§ **Exercise brief**
Each line from the one holding "It will ask" to the last line below must be restated word for word, and no picture may be included.

§ **Stored data**
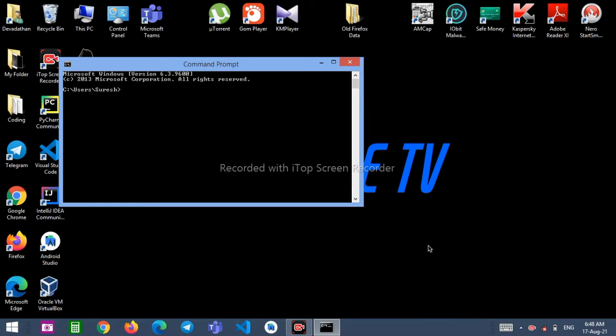Hi guys, welcome back. Today in this video we're going to see how we can change the color of CMD. So let's get started.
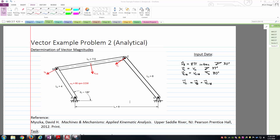What you know about each vector is shown on the right-hand side with the input data. V sub B is the velocity vector of point B. We know both the magnitude and direction of it. The magnitude is 8π inches per second, and the direction is oriented 30 degrees below the negative x-axis. I'm assuming the usual x-y coordinate system with positive x moving horizontally to the right and positive y being directly upward.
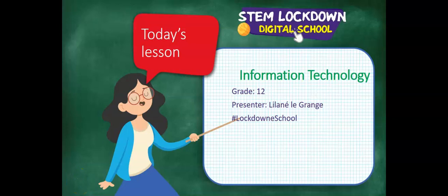Hi there everyone. This is STEM Lockdown Digital School and this is the lesson for grade 12 IT. And I am your presenter, Lelani Legrancy.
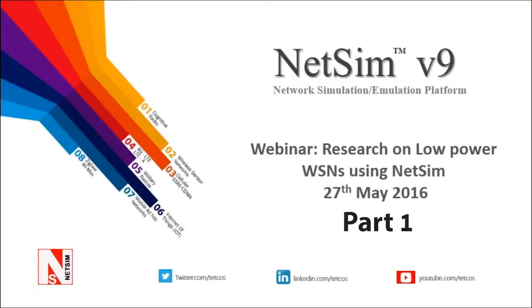Good day everyone and welcome to this webinar. My name is Kanak and I'm an application engineer at NetSim. Today I will be focusing on simulation of low power wireless sensor networks using NetSim.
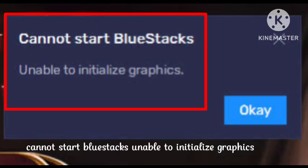Hey guys, welcome to our channel. In this video I will tell you, if you are using BlueStacks and you are facing the problem 'cannot start new stacks, unable to initialize graphics' — this problem arises on many devices. I have faced a similar problem, so I will tell you how I fixed this problem.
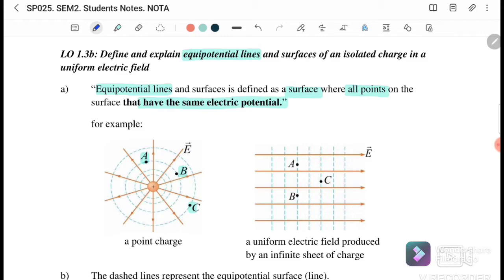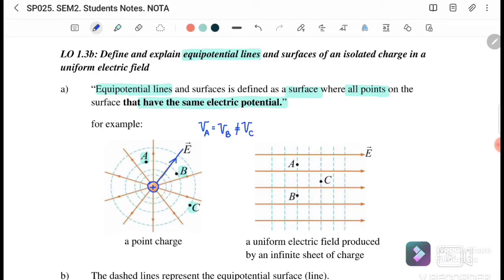Referring to a positive point charge, the electric field acts outward. Points A and B have the same radius from the point charge, so the potential at A equals the potential at B — this is equal potential. Point C is further away, so its potential is not equal. The radius from the point charge determines equal potential.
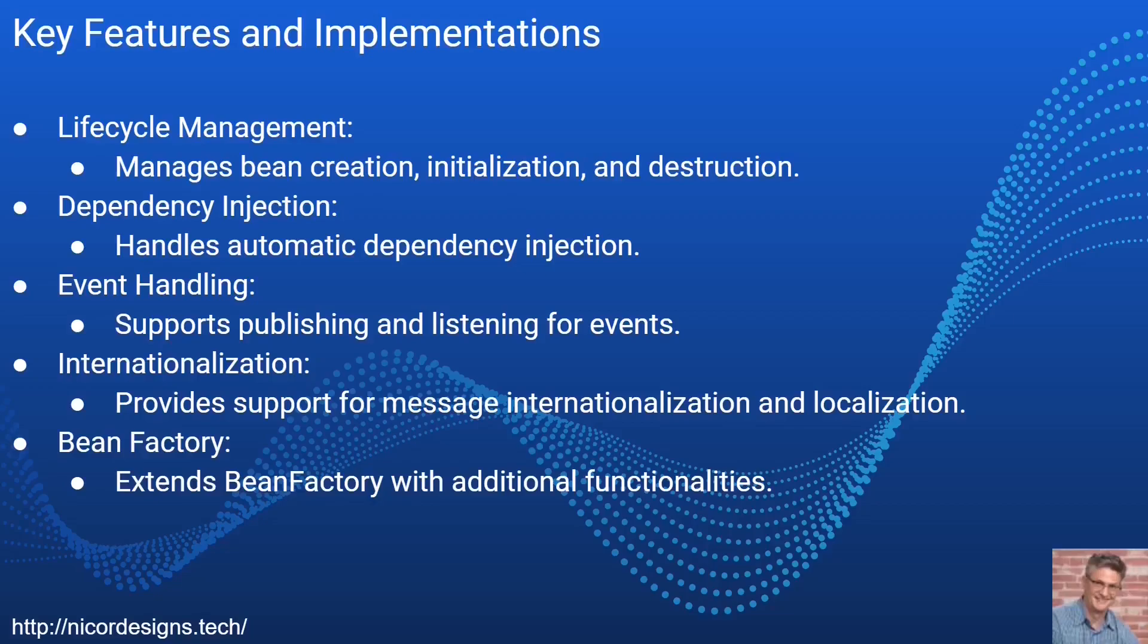Then there is internationalization, allows you to internationalize your messages. And finally there is a built-in bean factory with additional functionalities.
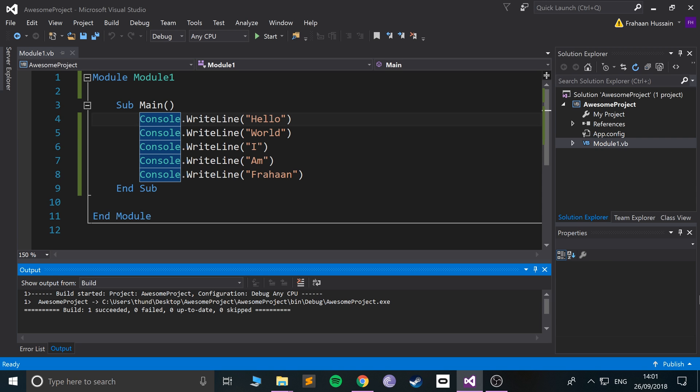Another benefit of comments is it allows you to actually do something called commenting out code, which means that code won't run, and that's great for testing. So if you want to see how your application runs or doesn't run without a certain piece of code — very common when something's not working the way you want it to and you want to see if it's this piece of code — instead of deleting it, you can just comment and uncomment it.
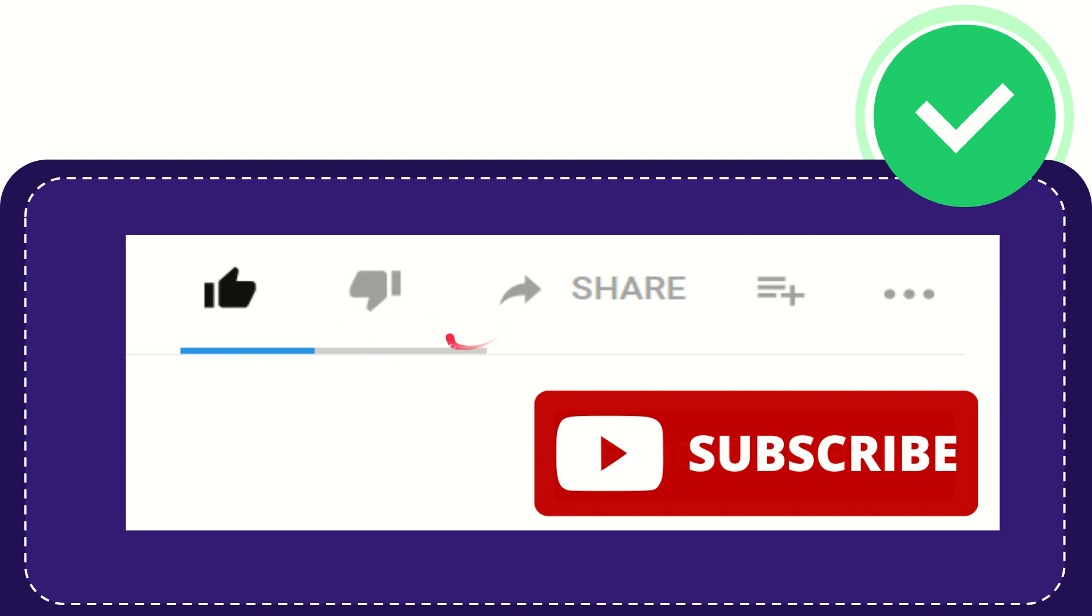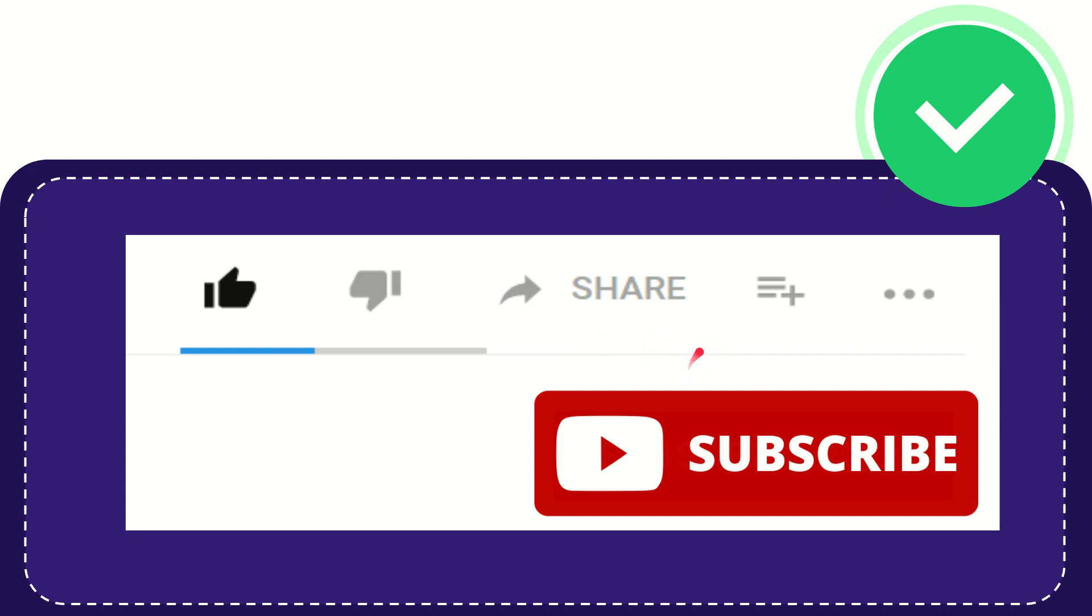And if you want to share this video with your friend, you can share it by clicking this share button. You can share it to any social media that you wish, like Facebook, Twitter,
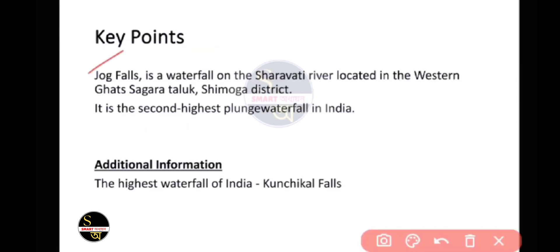Jog Falls is a waterfall on the Sharavathi river, located in the Sagar taluk, Shimoga district in the Western Ghats. It is the second highest plunge waterfall in India. The highest waterfall in India is Kunchikal Falls.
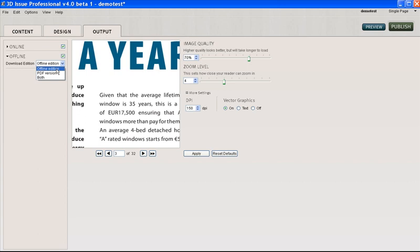They're not reliant on the internet, so people could perhaps read the publication on the train on the way home. The other option is a PDF version, so you might want them to have the option whilst they're viewing your page turning digital edition.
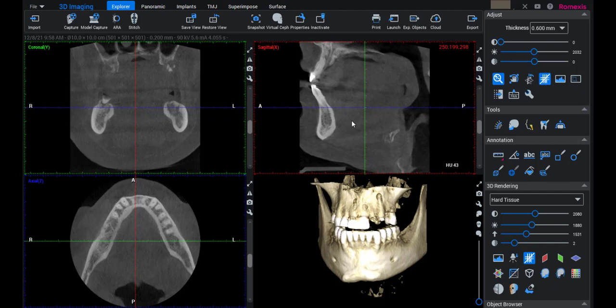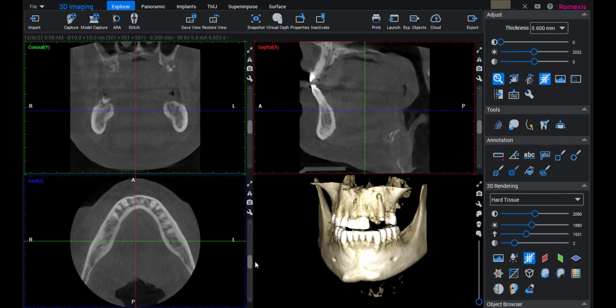This video shows how we use Romexis when we're evaluating a single tooth problem, or how to isolate a tooth. When we scroll through the axial view, you can see there are multiple problems.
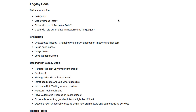Make your choice — whether it's old code, whether it's code without tests, code with a lot of technical debt, or code with a lot of out-of-date frameworks or languages. That's what is typically legacy code. For me, the most important thing is: code which is difficult to maintain is legacy code.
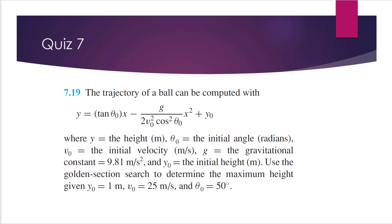The trajectory of a ball can be computed with this equation, where y, the parameter y is the height, and theta zero is the initial angle in radian, and v zero is the initial velocity, g is the gravitational constant, which is equal to 9.81 meter per second squared, and y zero is the initial height. So y zero, v zero, and theta zero is given to you.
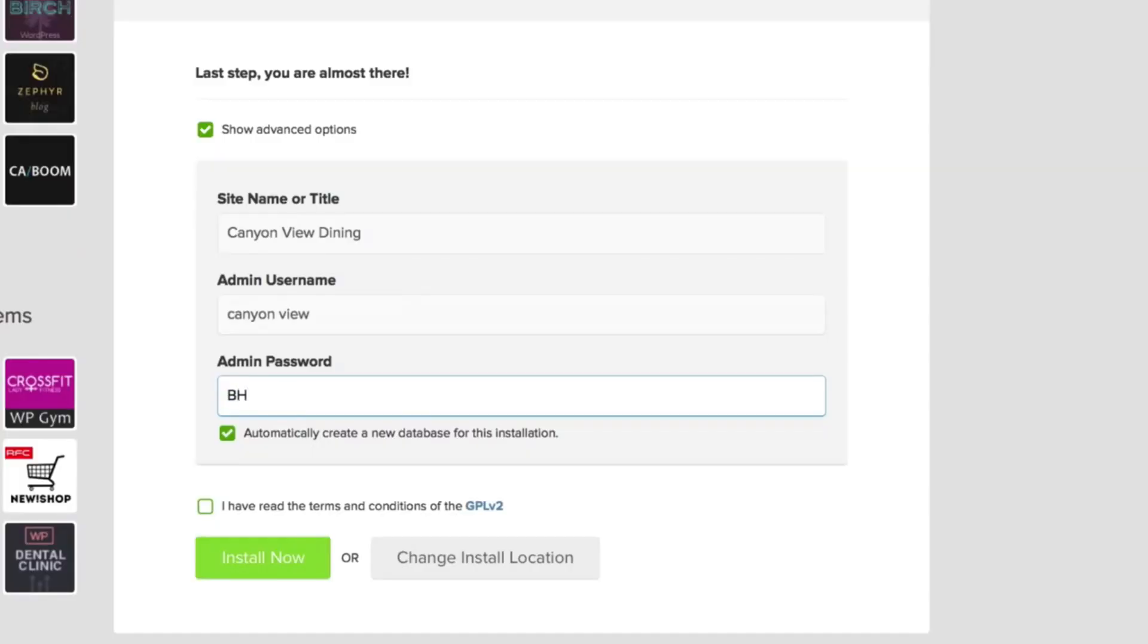Sorry, this is all very exciting to me. Once you're happy with your new credentials, make sure to agree to the terms and conditions. Next, click Install, and Mojo will go to work installing WordPress on your account.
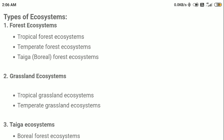Now let us see some examples based on the classifications. We talked about terrestrial and forest ecosystems. Forest can also be of different types: tropical forest ecosystems, temperate forest ecosystems, and taiga or boreal forest ecosystems. In these different types of forests we can have different types of living and non-living components available in the environment, giving us different types of ecosystems.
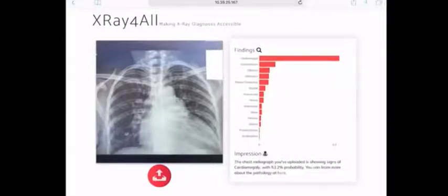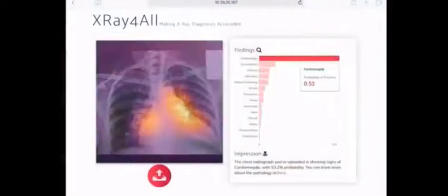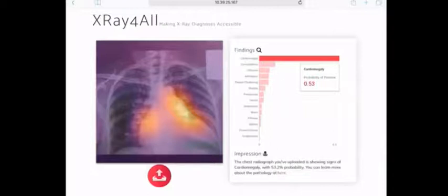Now if you're a clinician or a doctor in a different part of the world, you might want to know: is this algorithm looking at the right thing to arrive at its final diagnosis? Towards that goal, we've also built the ability for the algorithm to show exactly where it's looking when it comes to its diagnosis. And here we can see that the algorithm is looking at the heart.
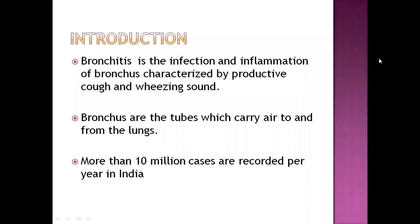Bronchitis is a disease in which there is infection and inflammation of the bronchi. Bronchi is a part of the airway located towards the almost end of the airway, before the alveoli. Bronchi has branches called bronchioles which provide air to the alveoli and also from the alveoli towards the upper airway.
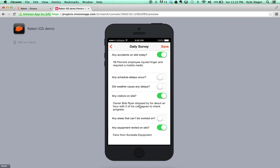The daily survey provides six questions to answer at the end of each day. Accident and delay questions are tied to notifications that project managers can sign up to receive.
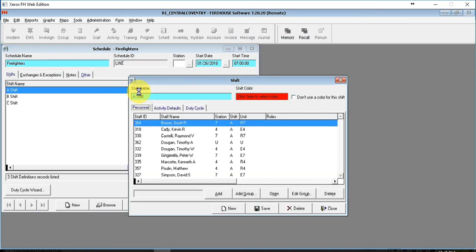In here is where you will make changes to who is currently working on a shift, on a station, or on a specific unit on a regular basis.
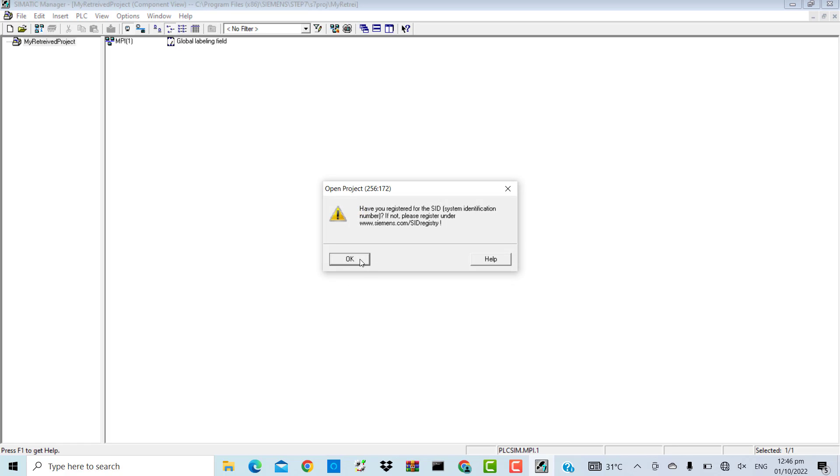It will ask me whether I want to open the retrieved project or not. I click Yes. That is, I want to open the retrieved project.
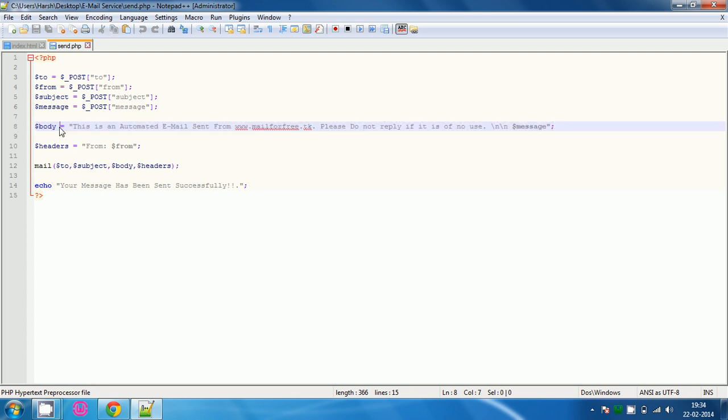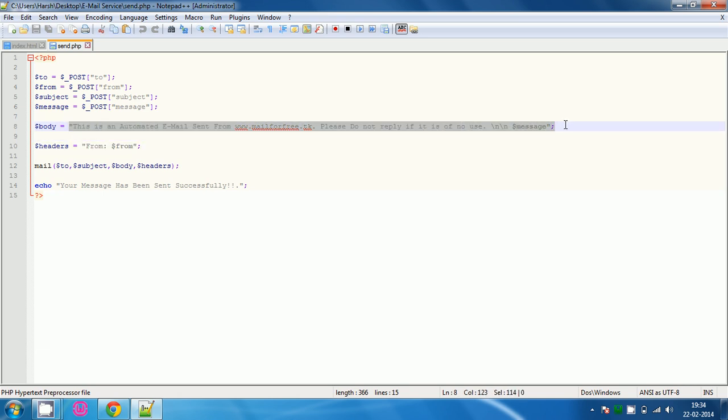Whenever the email is sent the body will be like if you type it like this dollar body then it will print the message.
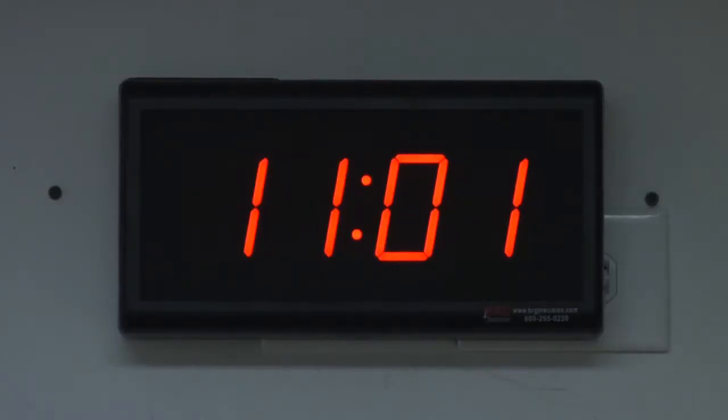BRG Precision Products is proud to show you our EN425R Ethernet digital clock.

§ **Result of the task**
It will ask me whether I want to open the retrieved project or not. I click Yes. That is, I want to open the retrieved project.
Whenever the email is sent the body will be like if you type it like this dollar body then it will print the message.
BRG Precision Products is proud to show you our EN425R Ethernet digital clock.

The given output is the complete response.